Looking in ~ the permissions on part network folders on the network I have just taken obligation for, fairly a few have accounts like 

with full control.

You are watching: S-1-5-21 unknown account

I seem to recall that this usually means that the account is native a domain various other than the "main" domain (there space two domain names on the physical network)

Is over there a means of identifying what this accounts are?


It basically method that the server this file/folder is save on computer on cannot fix the SID to an account name. The method an ACL on a file/folder functions is the it shop the distinct Security i would (SID) the the users and groups that you have actually assigned permissions to, then once a user make the efforts to accessibility that paper Windows compares the user"s SID to the SIDs in the ACL and grants or denies permission based upon that. The reason it doesn"t just use usernames or display names is since they can change (i.e. You deserve to rename a user or readjust their username) yet their SID never ever changes. Girlfriend wouldn"t want a user come lose accessibility to whatever just due to the fact that you had to readjust their username, so making use of a distinct ID that never changes is much better.

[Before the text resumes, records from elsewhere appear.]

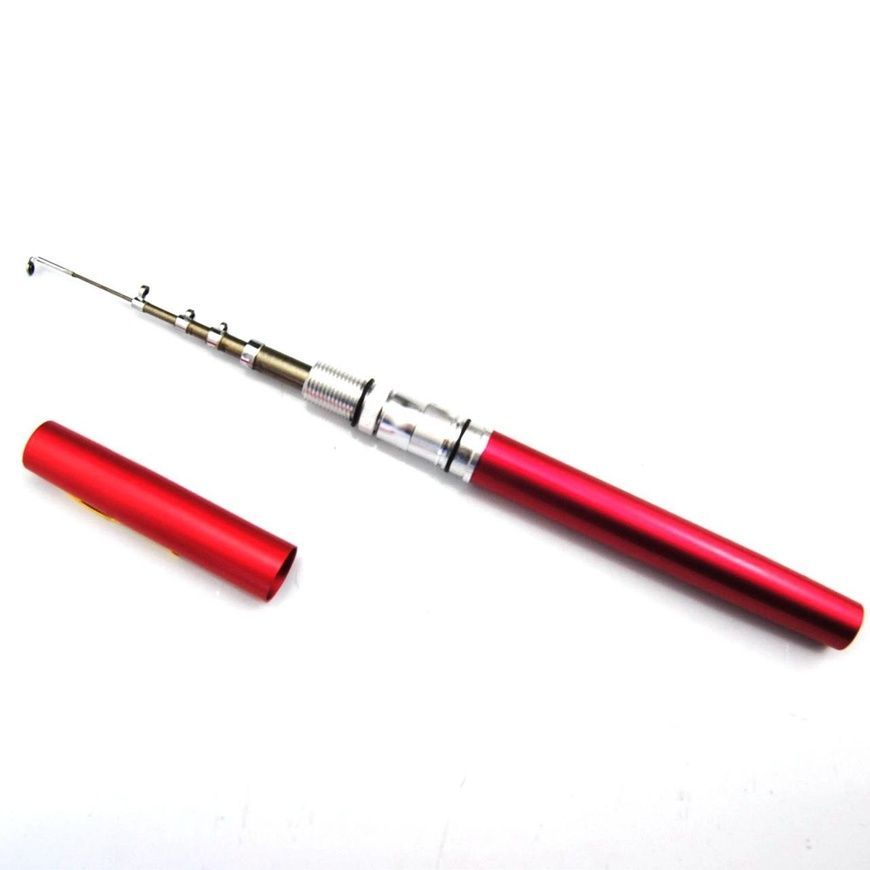 Мини удочка складная телескопическая в виде ручки 20-97 см Fish Rod in Pen Case Карманная удочка с катушкой 2181/AND фото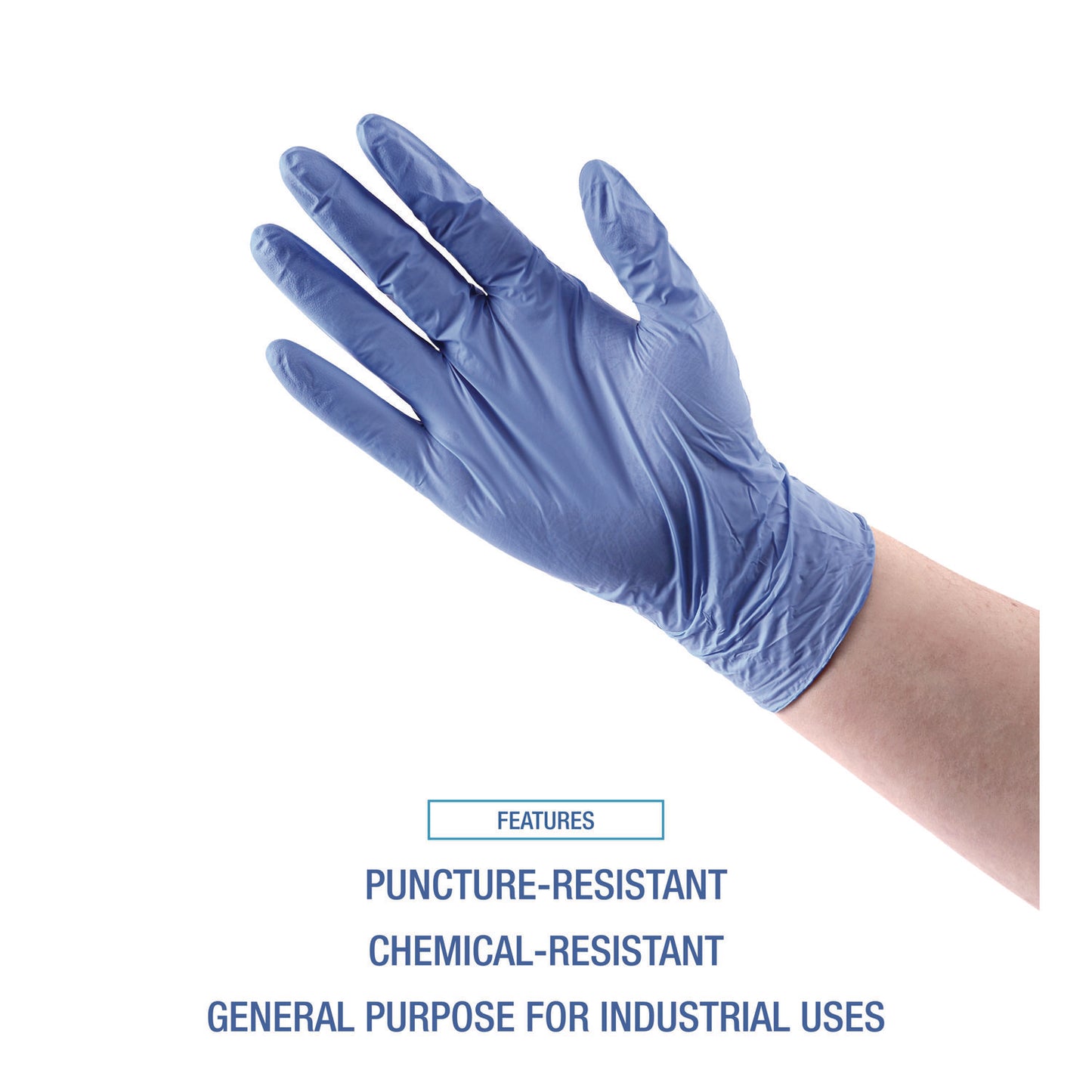 Boardwalk Disposable General-Purpose Nitrile Gloves, Small, Blue, 4 mil, 1,000/Carton (380SCTA)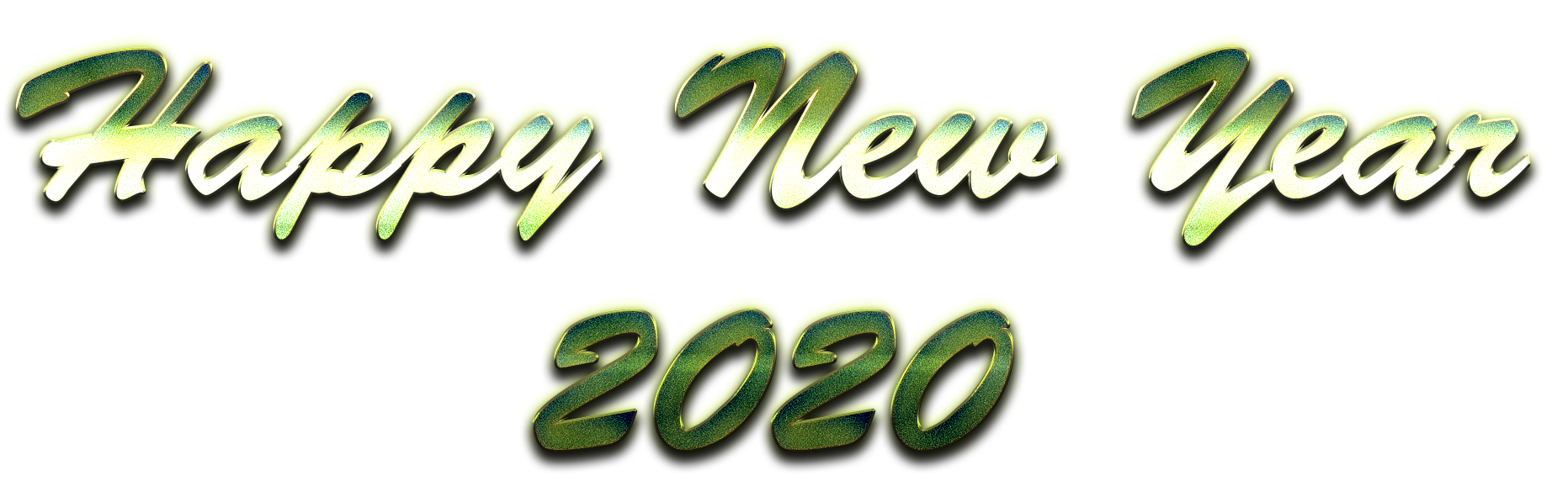 Happy New Year 2020 PNG Photo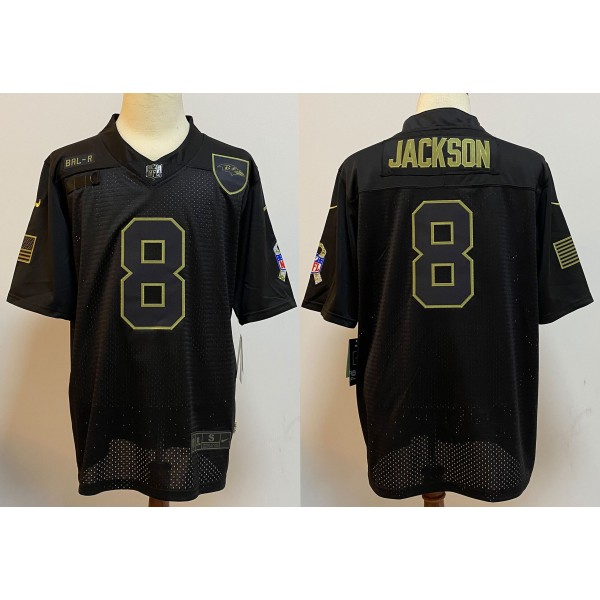 Lamar Jackson #8 Baltimore Ravens Jersey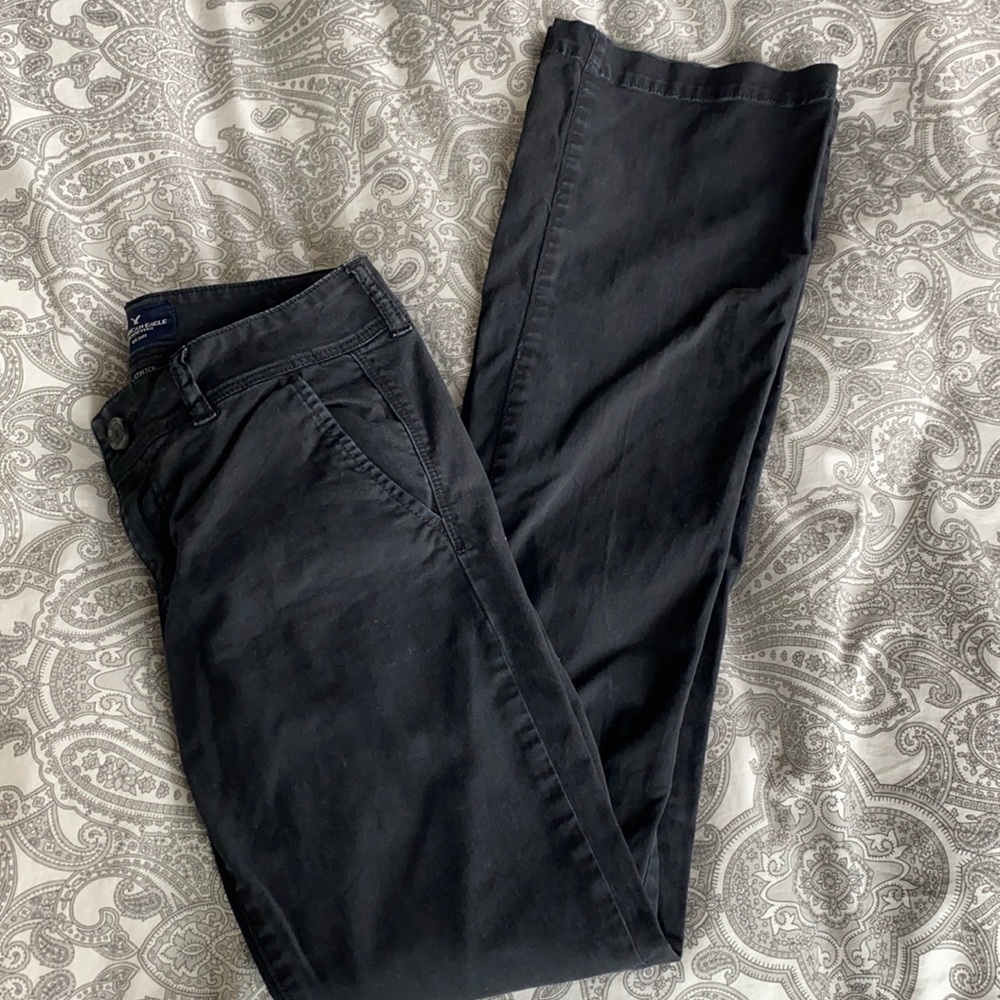 American Eagle stretch bootcut chinos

So as soon as you pull up the permissions ACL on a file/folder, Windows needs to translate those SIDs in the ACL come a friendly display screen name that you have the right to understand. Because that anyone interested in the technical details, the does this by using the LookupAccountSid function which searches every known domain names for the SID and also retrieves the surname of the domain that the SID is from and the username that the user account that the SID represents.

See more: All I Want Is You Barry Louis Polisar Chords By Barry Louis Polisar

So that is that process that is failing once you see the SID instead of one account name, and also the most common reason for the is that the account no longer exists - if you develop a user account and also assign that permission to accessibility a folder, then delete that user account, friend will check out this. The other possible reason is because the account might be from another domain the your file server (or whichever server the folder is stored on) cannot connect with at this time. The network connection to the other domain can be down, the domain trust could be broken, etc etc. 

Also, a little of a self plug here, yet if you want to discover all instances of this unresolvable SIDs on your file server, you could use my NTFS Permissions Reporter tool: http://cjwdev.co.uk/Software/NtfsReports/Info.html The complimentary version will let you just report all permissions top top the share, yet the traditional edition will certainly let you usage filters come find details permissions such as just showing unresolvable SIDs choose in her case.